Talk notes
Repository creation is a quietly leading indicator that most analysts ignore because it looks like noise on a daily granularity. On a 90-day rolling window, the pattern emerges clearly. Companies that are about to scale engineering hire the repos before the engineers. They scaffold the infrastructure first — the new microservice template, the deployment-pipeline repo, the schema-registry repo — and then they hire to fill it.

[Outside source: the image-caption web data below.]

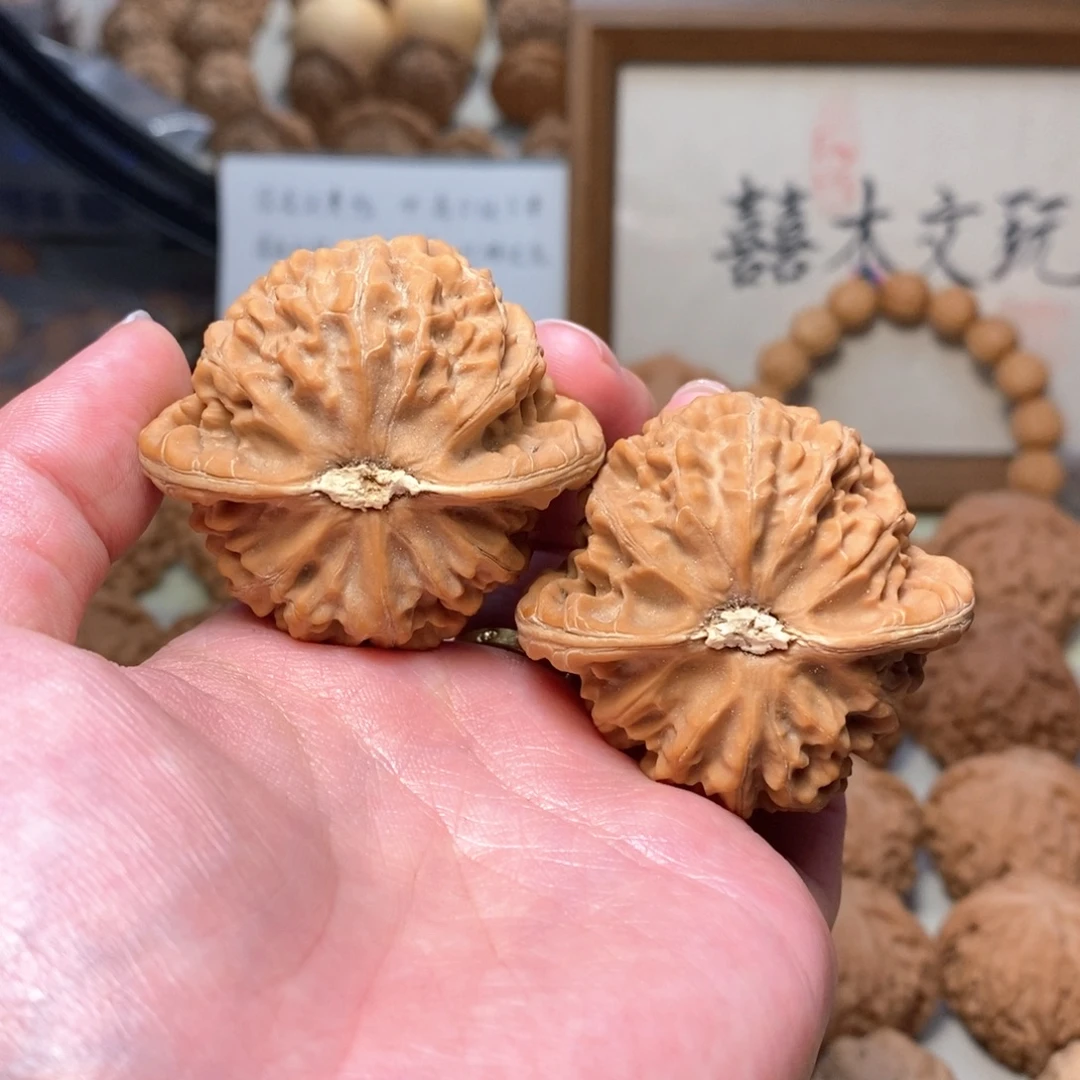 白***。把件文玩核桃11111111111111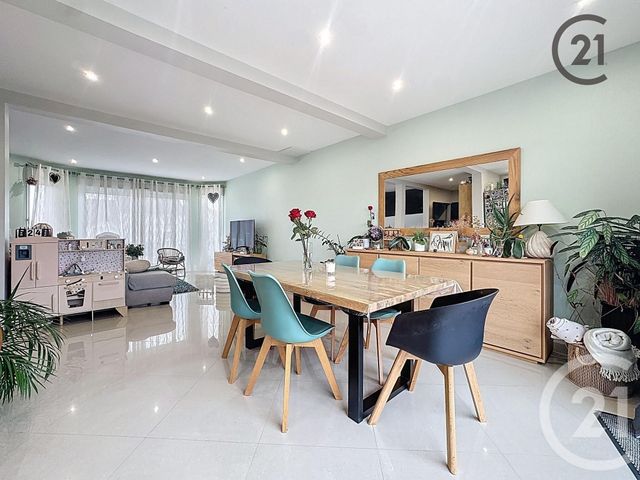 maison à vendre - 6 pièces - 128.0 m2 - ST ANDRE LES VERGERS - 10 - CHAMPAGNE-ARDENNE - Century 21 Martinot Immobilier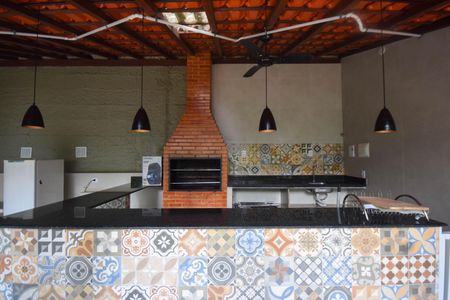 Apartamento à venda com 166m², 5 quartos e 2 vagas Apartamento à venda com 166m², 5 quartos e 2 vagasÁrea comum - Churrasqueira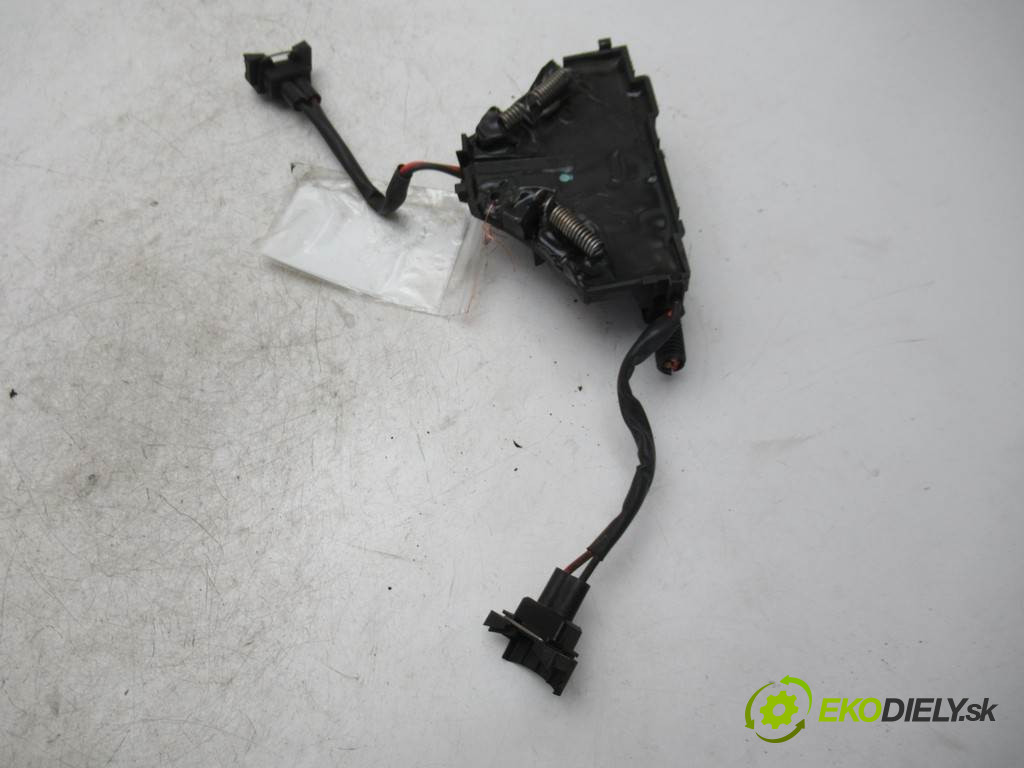 Opel Vectra C       0  modul řídící jednotka ventilátoru 1379131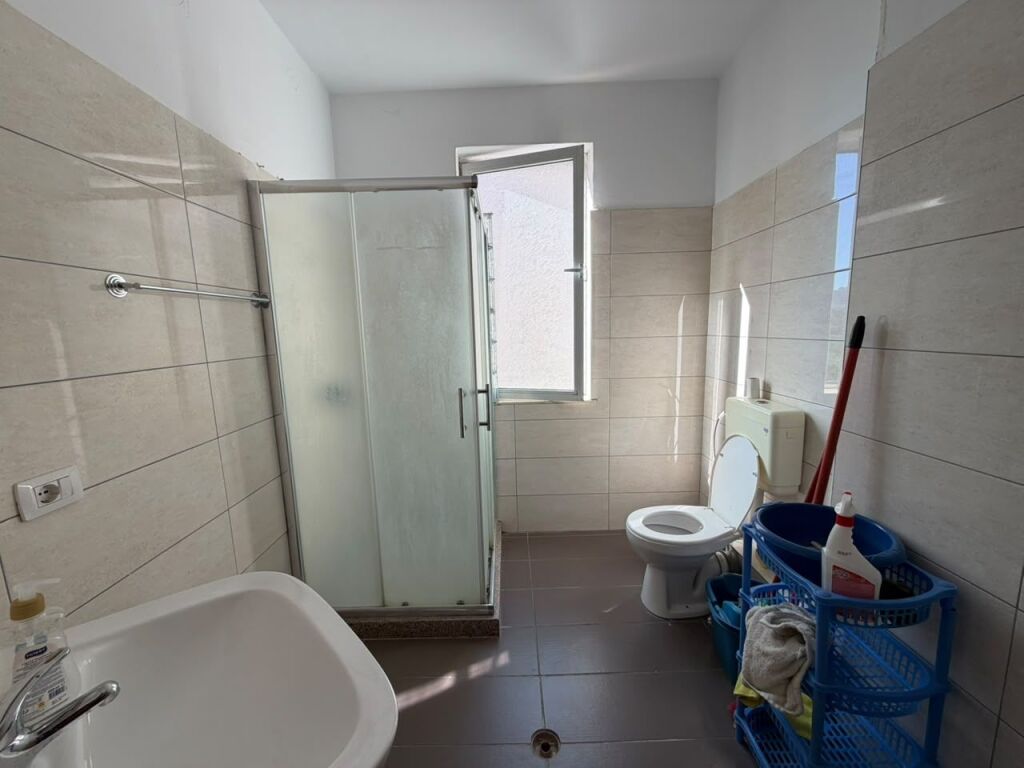 Apartament 1+1 per qira tek Kompleksi Fratari ne Astir.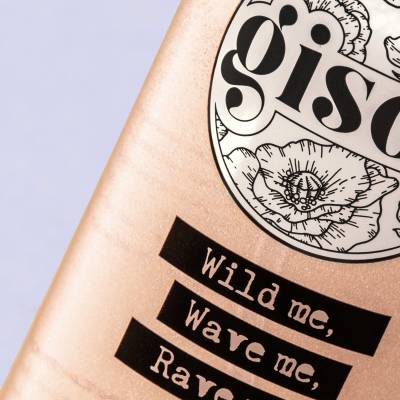 GISOU
Propolis Infused Texturizing Wave Spray 150ml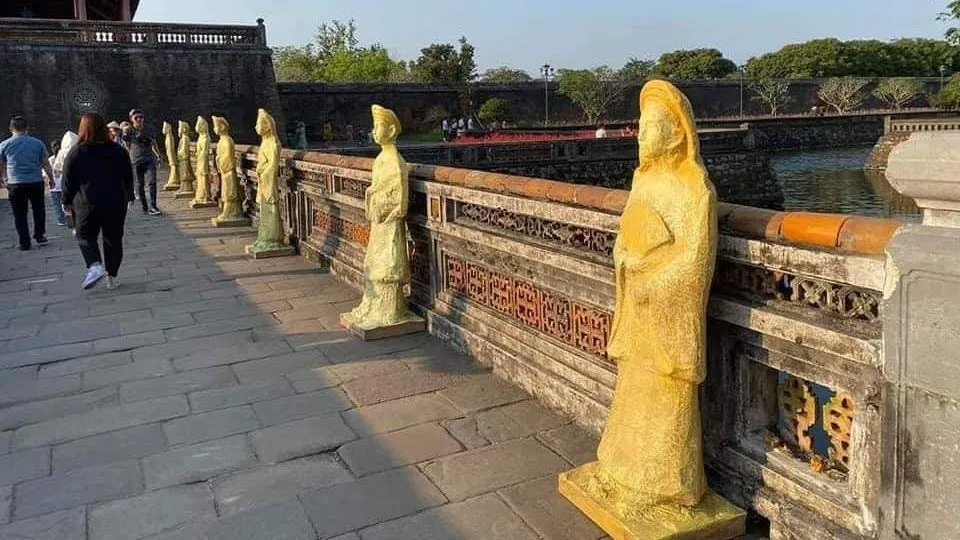 Di dời các bức tượng “lạ” trước Ngọ Môn gây xôn xao dư luận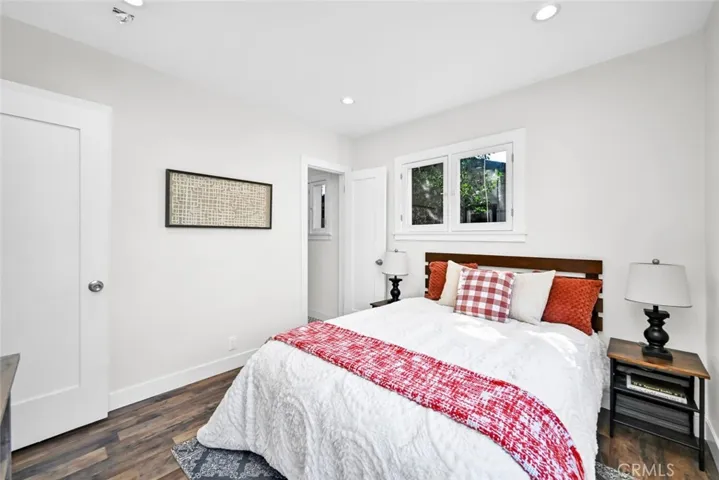 294 Bella Vista Avenue, Pasadena, California 91107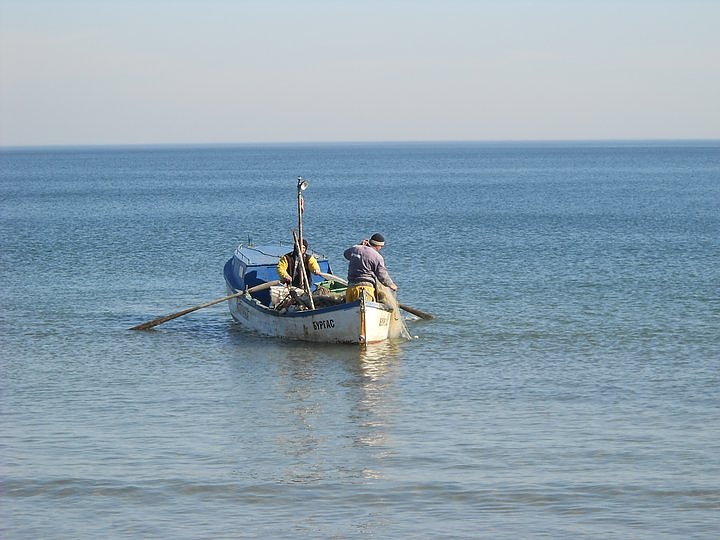 Рибар се удави в морето край бургаския квартал Сарафово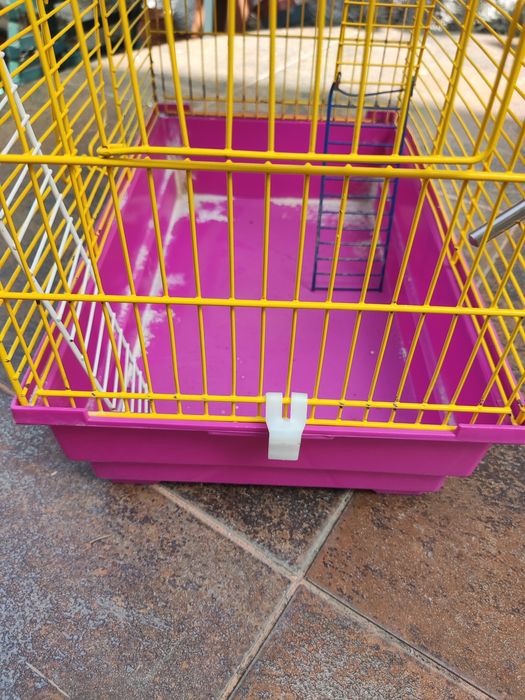 Gaiola para hamsteres em metal plastificado, com tabuleiro amovível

The infrastructure scaffold has a telltale signature. A scaffolding repo will have an initial commit by a senior engineer, a clean directory structure (no half-finished branches), comprehensive README, and very few subsequent commits in the first 30 days. It looks like a parking spot waiting for the team. Compare that to a real product repo, which shows messy iteration, rapid commit cadence, and feature branches multiplying. The scaffold pattern, when it appears in clusters of 3–5 across an org in a 90-day window, almost always precedes a publicly-announced hiring round by 30–60 days.
The most common false positive is fork-vendoring — companies that mirror 100 OSS dependencies for compliance or vendoring reasons. We filter this by requiring a non-zero commit count from non-bot authors within the first 60 days of repo creation. That single filter removes 87 percent of fork-noise without sacrificing real product-expansion signal.
The strongest composite is repo expansion combined with sustained commit velocity. An org that's both shipping faster (commit velocity z-score above 2.0) and creating new repos (3× expansion versus baseline) is almost always either pre-fundraise scaling or post-fundraise execution. Either way, it's worth watching.